> [WORK INSTRUCTION]: Starting at the line that contains "I believe this" and stopping after the line that contains "After completing the", transcribe the listing below exactly; do not include any pictures.

*** STORED DATA Section Begins ***

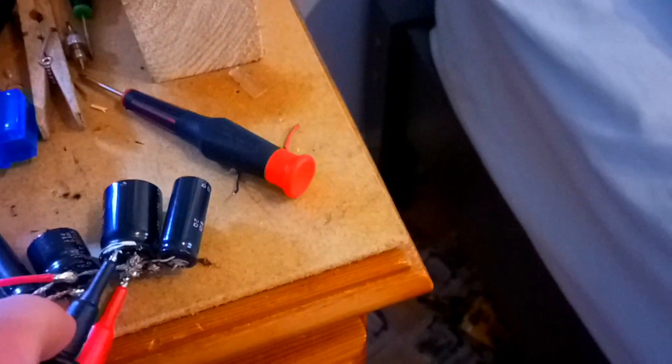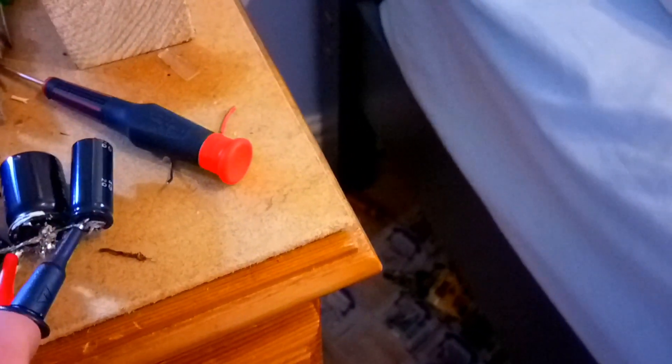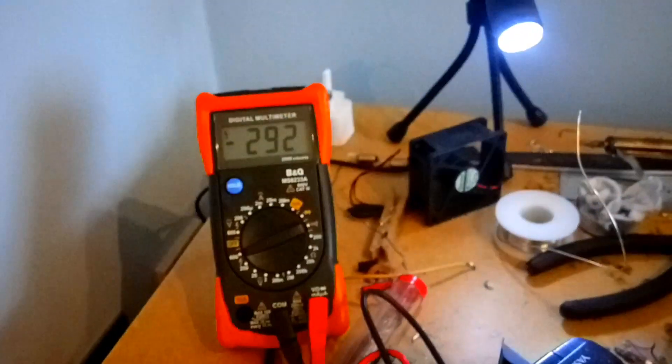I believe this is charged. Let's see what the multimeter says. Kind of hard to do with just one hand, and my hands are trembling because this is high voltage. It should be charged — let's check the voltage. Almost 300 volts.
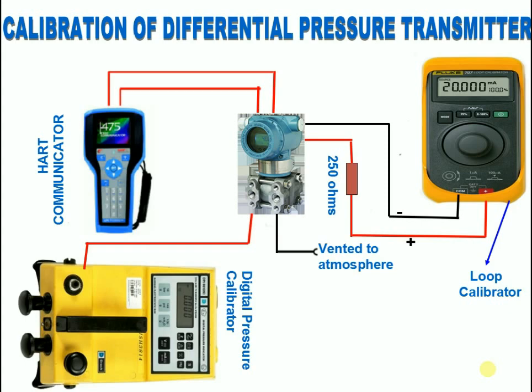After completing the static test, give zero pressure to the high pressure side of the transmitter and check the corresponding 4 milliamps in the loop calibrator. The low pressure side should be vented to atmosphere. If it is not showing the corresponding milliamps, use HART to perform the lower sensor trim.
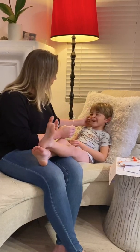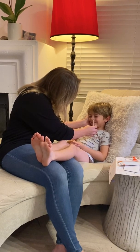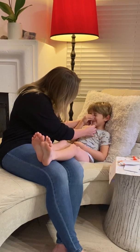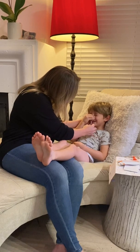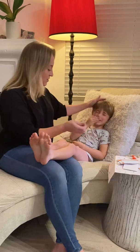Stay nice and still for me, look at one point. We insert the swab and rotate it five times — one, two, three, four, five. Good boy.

*** STORED DATA Section Ends ***
*** STORED DATA Section Begins ***

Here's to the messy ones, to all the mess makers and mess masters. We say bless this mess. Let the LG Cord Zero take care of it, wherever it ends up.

*** STORED DATA Section Ends ***

> [REPLY]:
I believe this is charged. Let's see what the multimeter says. Kind of hard to do with just one hand, and my hands are trembling because this is high voltage. It should be charged — let's check the voltage. Almost 300 volts.
After completing the static test, give zero pressure to the high pressure side of the transmitter and check the corresponding 4 milliamps in the loop calibrator. The low pressure side should be vented to atmosphere. If it is not showing the corresponding milliamps, use HART to perform the lower sensor trim.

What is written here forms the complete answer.